(Given data Opens)

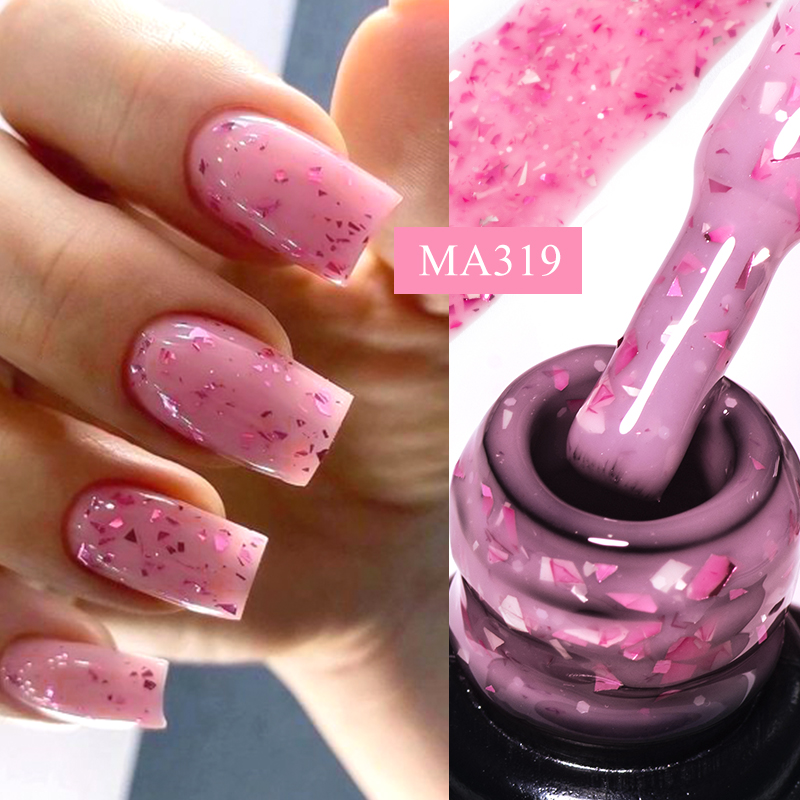 Nail Foil Transfer - MEET ACROSS 7ml Roze Glitter Rubberen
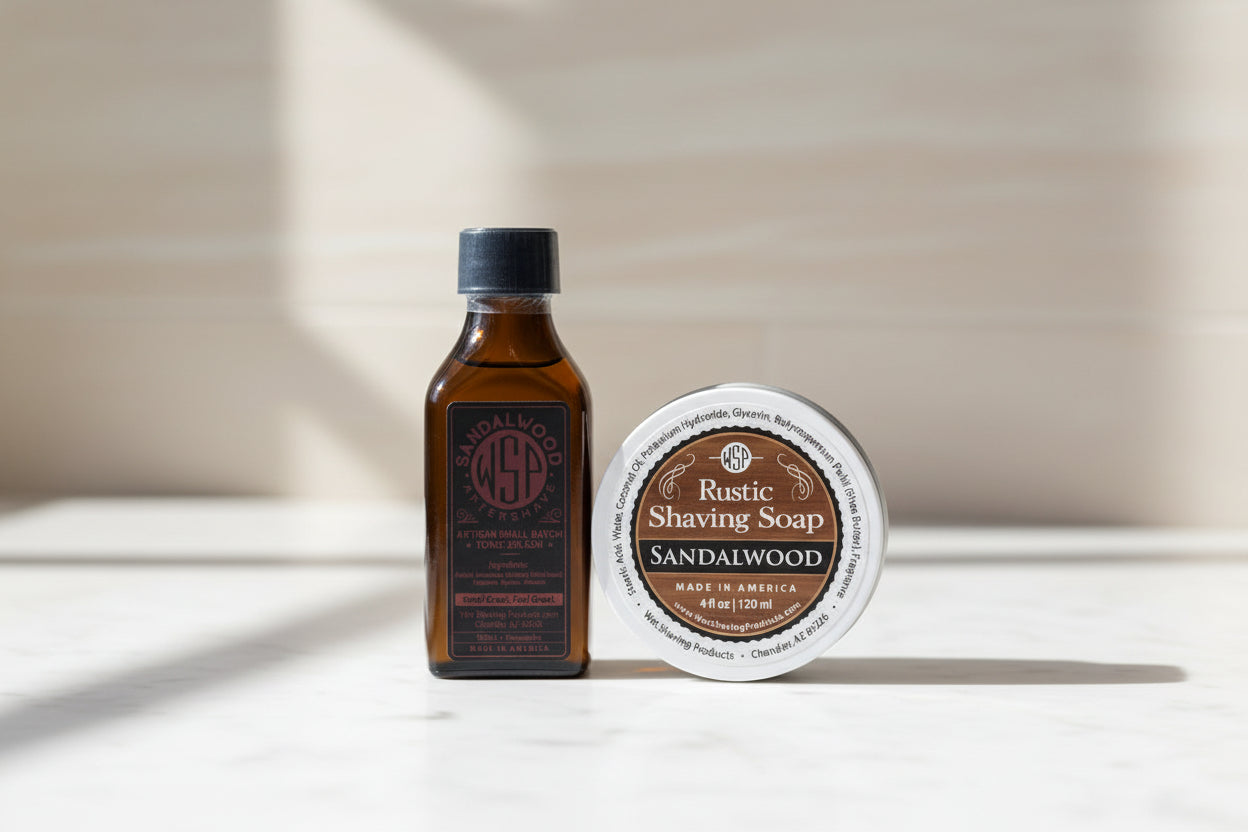 Brown bottle and white container of Rustic Shaving Soap Sandalwood on a white background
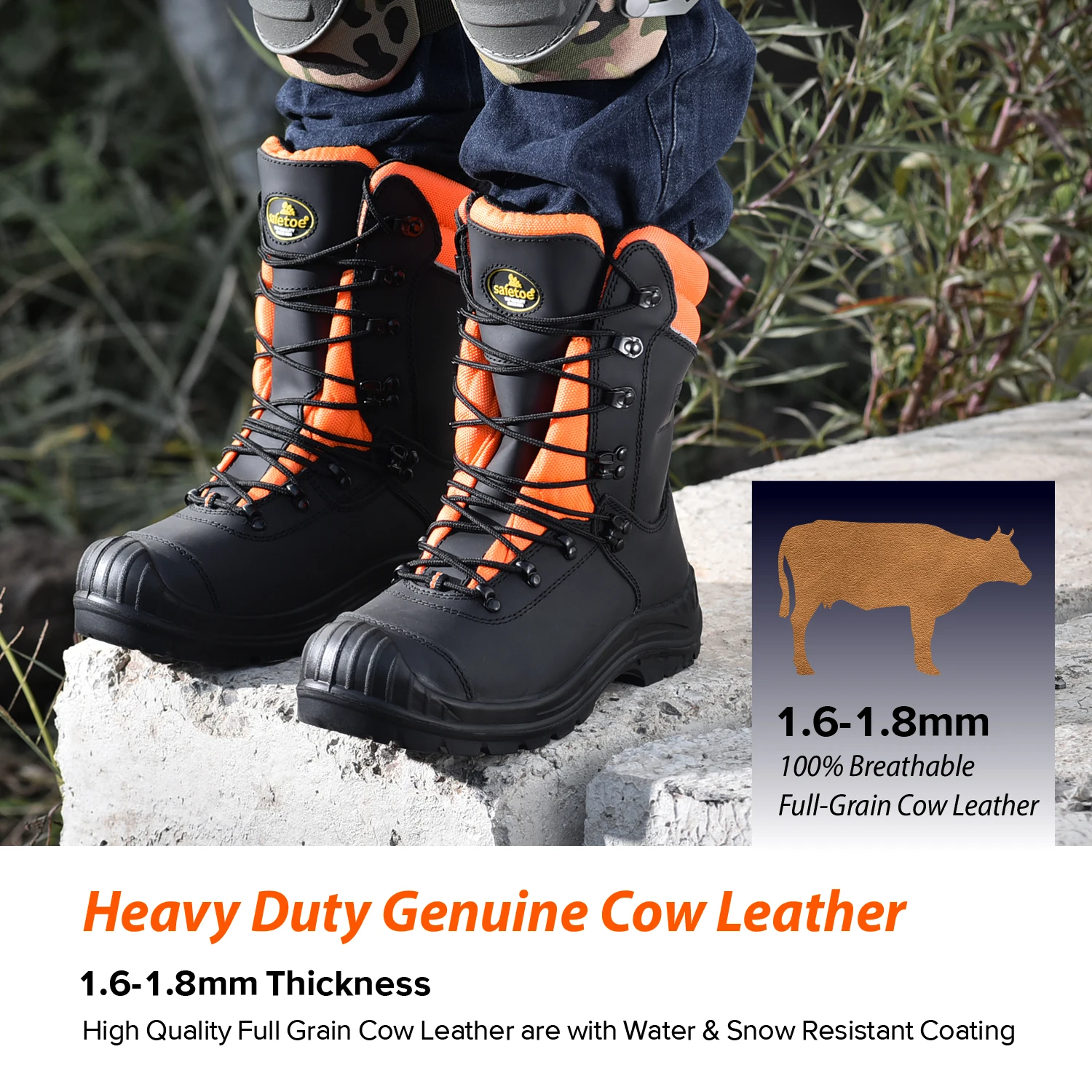 Safety Chainsaw Cut Protection Boots with Genuine Cow Heavy Duty Steel Toe Leather Memory Foam Insoles Woodcut Construction Work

(Given data Closes)

**What you should do**
Return, exactly and without extra lines, everything from the line with "Brown bottle and" through the last line of the material above, both included. Pictures must be dropped.

**Written answer**
 Brown bottle and white container of Rustic Shaving Soap Sandalwood on a white background
 Safety Chainsaw Cut Protection Boots with Genuine Cow Heavy Duty Steel Toe Leather Memory Foam Insoles Woodcut Construction Work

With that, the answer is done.